Acute myeloid leukemia (AML) is characterized by a set of malignant proliferations leading to an accumulation of blasts in the bone marrow and blood. The prognosis is pejorative due to the molecular complexity and pathways implicated in leukemogenesis.
Our research was focused on comparing the metabolic profiles of leukemic cells in basal culture and deprivation conditions to investigate their behaviors under metabolic stress.

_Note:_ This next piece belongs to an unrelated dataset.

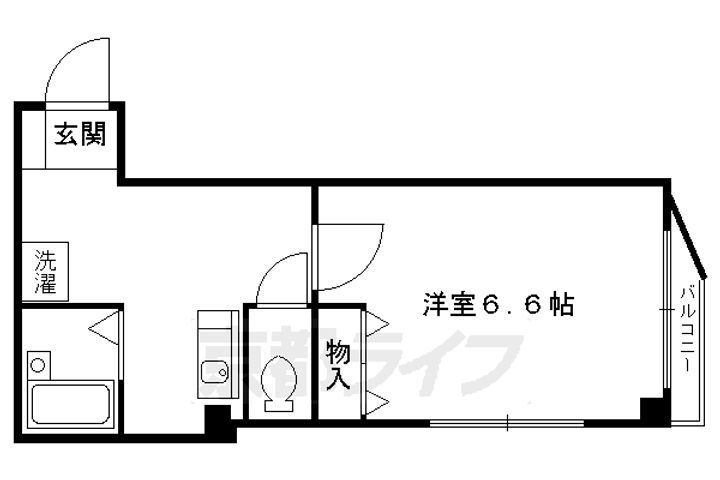 京都府京都市中京区西革堂町 京都市役所前駅 1K マンション 賃貸物件詳細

We performed untargeted metabolomics using 1H HRMAS-NMR. Five human leukemic cell lines—KG1, K562, HEL, HL60 and OCIAML3—were studied in the basal and nutrient deprivation states. A multivariate analysis of the metabolic profile was performed to find over- or under- expressed metabolites in the different cell lines, depending on the experimental conditions.
In the basal state, each leukemic cell line exhibited a specific metabolic signature related to the diversity of AML subtypes represented and their phenotypes. When cultured in a serum-free medium, they showed quick metabolic adaptation and continued to proliferate and survive despite the lack of nutrients. Low apoptosis was observed. Increased phosphocholine and glutathione was a common feature of all the observed cell lines, with the maximum increase in these metabolites at 24 h of culture, suggesting the involvement of lipid metabolism and oxidative stress regulators in the survival mechanism developed by the leukemic cells.
Our study provides new insights into the metabolic mechanisms in leukemogenesis and suggests a hierarchy of metabolic pathways activated within leukemic cells, some dependent on their genotypes and others conserved among the subtypes but commonly induced under micro-environmental stress.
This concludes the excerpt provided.